Task description - Pictures stay out; everything else in the listing below is to be restated word for word.

Information supplied -
-- Opening Marker --
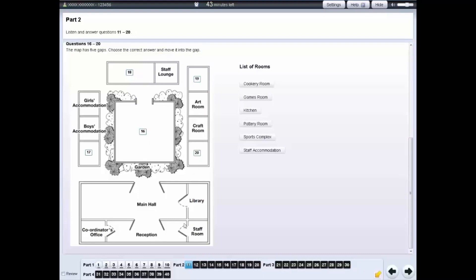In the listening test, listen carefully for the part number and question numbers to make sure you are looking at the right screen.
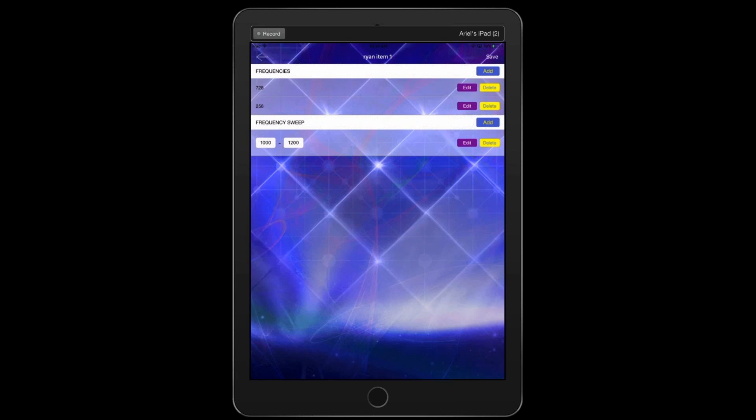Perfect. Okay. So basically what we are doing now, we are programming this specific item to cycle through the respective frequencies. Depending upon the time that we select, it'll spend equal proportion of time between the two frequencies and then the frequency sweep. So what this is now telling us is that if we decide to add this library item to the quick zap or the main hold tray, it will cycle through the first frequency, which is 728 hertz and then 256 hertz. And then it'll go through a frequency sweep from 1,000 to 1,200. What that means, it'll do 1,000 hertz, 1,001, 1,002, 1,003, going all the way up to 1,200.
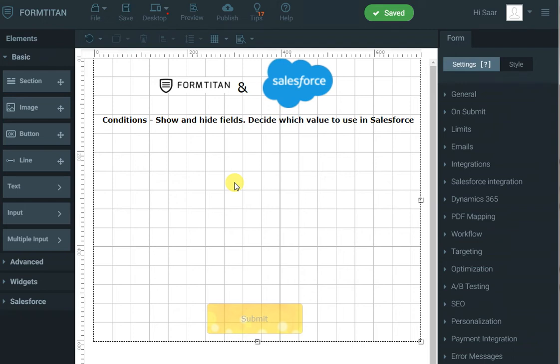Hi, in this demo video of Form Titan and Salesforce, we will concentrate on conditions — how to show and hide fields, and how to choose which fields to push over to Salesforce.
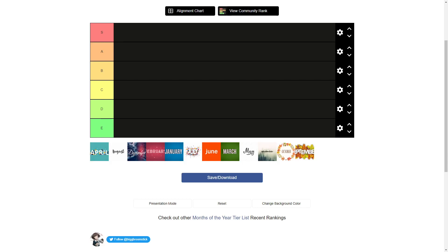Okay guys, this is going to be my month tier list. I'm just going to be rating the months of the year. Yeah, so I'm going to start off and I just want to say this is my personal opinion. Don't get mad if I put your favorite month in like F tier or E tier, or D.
-- Closing Marker --
Task result -
In the listening test, listen carefully for the part number and question numbers to make sure you are looking at the right screen.
Perfect. Okay. So basically what we are doing now, we are programming this specific item to cycle through the respective frequencies. Depending upon the time that we select, it'll spend equal proportion of time between the two frequencies and then the frequency sweep. So what this is now telling us is that if we decide to add this library item to the quick zap or the main hold tray, it will cycle through the first frequency, which is 728 hertz and then 256 hertz. And then it'll go through a frequency sweep from 1,000 to 1,200. What that means, it'll do 1,000 hertz, 1,001, 1,002, 1,003, going all the way up to 1,200.
Hi, in this demo video of Form Titan and Salesforce, we will concentrate on conditions — how to show and hide fields, and how to choose which fields to push over to Salesforce.
Okay guys, this is going to be my month tier list. I'm just going to be rating the months of the year. Yeah, so I'm going to start off and I just want to say this is my personal opinion. Don't get mad if I put your favorite month in like F tier or E tier, or D.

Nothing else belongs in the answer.